Entre o doce e o silêncio: visibilidade e sombras do patrimônio nas práticas alimentares da Comunidade Gustavo Adolfo de Morro Redondo/RS
Resumo
Esta pesquisa analisa as práticas alimentares da Comunidade Gustavo Adolfo de Morro Redondo, explorando o papel das festividades como espaços de expressão de tradições alimentares e sociabilidades comunitárias. A análise parte da premissa
de que a relação entre as festas locais e a identidade gastronômica de uma localidade é um campo de investigação fundamental para a compreensão da memória social e do patrimônio cultural de determinados lugares, pois as festas estão associadas diretamente ao modo de vida, aos valores e crenças e às expressões de cada comunidade.
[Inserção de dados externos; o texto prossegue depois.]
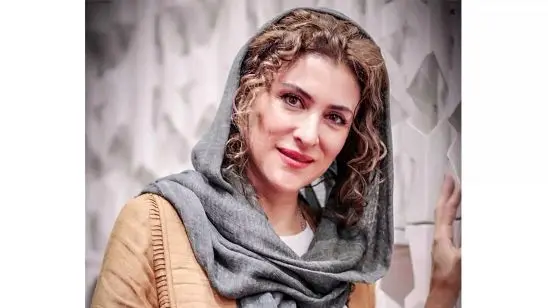 سوتی بزرگ ویشکا آسایش وسط سالن واکنش و خنده امین حیایی و الیکا عبدالرزاقی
A metodologia adotada nesta pesquisa baseia-se em uma abordagem qualitativa com inspirações etnográficas, em um estudo de caso focado nas festividades gastronômicas locais, especificamente na Comunidade Gustavo Adolfo do jovem município de Morro Redondo, sul do Rio Grande do Sul. O estudo investiga como estes eventos festivos utilizam o bem patrimonializado para se promover, destacando a relação entre os modos de fazer e os significados atribuídos aos alimentos na construção da identidade. Os resultados aferidos indicam que a patrimonialização do doce colonial e de outras iguarias típicas é um processo mediado por agentes internos e externos, envolvendo disputas simbólicas e negociações culturais. A pesquisa também evidencia a centralidade dos alimentos na construção de laços sociais e na transmissão de memórias, ressaltando a sua importância cultural. Sobretudo, problematiza o fenômeno do sombreamento de outras práticas alimentares, no qual certas tradições gastronômicas se tornam mais visíveis em detrimento de outras, influenciadas por discursos institucionais e turísticos, via de regra, externos à comunidade. Ao abordar a interseção entre comida, cultura e identidade, esta tese contribui para os debates sobre a alimentação e os processos de patrimonialização gastronômica, reafirmando a importância das festas comunitárias como espaços dinâmicos de confirmação e ressignificação da tradição local. Além disso, as festas do município não se mostraram um campo real para o estudo das práticas alimentares, tornando necessária a aproximação do pesquisador com uma comunidade local, como a Gustavo Adolfo, para compreender a invisibilidade de outras práticas alimentares. Essas práticas, embora presentes nas festas comunitárias, não estão representadas nas festividades do município, que foram transformadas em produtos voltados para o turismo e para a valorização do doce colonial. Esse, um patrimônio instituído que fomenta a economia local, cobra um preço silencioso: o ocultamento de outras práticas gastronômicas tão essenciais para a coesão e sustentabilidade das comunidades, devido ao sombreamento que operam.